### Data provided:
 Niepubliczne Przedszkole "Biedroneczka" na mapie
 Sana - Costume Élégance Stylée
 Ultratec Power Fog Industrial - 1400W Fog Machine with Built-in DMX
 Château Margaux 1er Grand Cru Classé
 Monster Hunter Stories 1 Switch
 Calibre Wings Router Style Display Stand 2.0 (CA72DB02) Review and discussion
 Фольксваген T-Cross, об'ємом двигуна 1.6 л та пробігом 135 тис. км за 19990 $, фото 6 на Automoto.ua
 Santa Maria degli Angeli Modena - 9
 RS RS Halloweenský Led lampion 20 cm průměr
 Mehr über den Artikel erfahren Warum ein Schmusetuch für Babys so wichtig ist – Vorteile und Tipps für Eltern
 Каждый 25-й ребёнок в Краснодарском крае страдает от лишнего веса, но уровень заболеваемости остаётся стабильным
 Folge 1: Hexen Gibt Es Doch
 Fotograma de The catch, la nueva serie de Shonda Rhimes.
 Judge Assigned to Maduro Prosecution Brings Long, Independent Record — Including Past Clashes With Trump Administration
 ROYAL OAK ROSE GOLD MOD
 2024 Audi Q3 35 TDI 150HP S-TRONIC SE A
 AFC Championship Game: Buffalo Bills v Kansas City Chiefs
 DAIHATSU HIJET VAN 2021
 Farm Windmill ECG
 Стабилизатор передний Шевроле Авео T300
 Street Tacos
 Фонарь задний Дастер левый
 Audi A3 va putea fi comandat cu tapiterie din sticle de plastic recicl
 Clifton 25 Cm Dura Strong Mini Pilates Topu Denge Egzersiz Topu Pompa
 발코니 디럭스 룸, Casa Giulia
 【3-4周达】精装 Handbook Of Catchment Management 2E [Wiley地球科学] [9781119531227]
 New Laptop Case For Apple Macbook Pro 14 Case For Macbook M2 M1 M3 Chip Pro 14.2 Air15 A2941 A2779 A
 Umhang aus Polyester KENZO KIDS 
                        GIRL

### The problem:
Return, word for word, every line from the line with "Fotograma de The" to the final line of the data.

### Exercise solution:
 Fotograma de The catch, la nueva serie de Shonda Rhimes.
 Judge Assigned to Maduro Prosecution Brings Long, Independent Record — Including Past Clashes With Trump Administration
 ROYAL OAK ROSE GOLD MOD
 2024 Audi Q3 35 TDI 150HP S-TRONIC SE A
 AFC Championship Game: Buffalo Bills v Kansas City Chiefs
 DAIHATSU HIJET VAN 2021
 Farm Windmill ECG
 Стабилизатор передний Шевроле Авео T300
 Street Tacos
 Фонарь задний Дастер левый
 Audi A3 va putea fi comandat cu tapiterie din sticle de plastic recicl
 Clifton 25 Cm Dura Strong Mini Pilates Topu Denge Egzersiz Topu Pompa
 발코니 디럭스 룸, Casa Giulia
 【3-4周达】精装 Handbook Of Catchment Management 2E [Wiley地球科学] [9781119531227]
 New Laptop Case For Apple Macbook Pro 14 Case For Macbook M2 M1 M3 Chip Pro 14.2 Air15 A2941 A2779 A
 Umhang aus Polyester KENZO KIDS 
                        GIRL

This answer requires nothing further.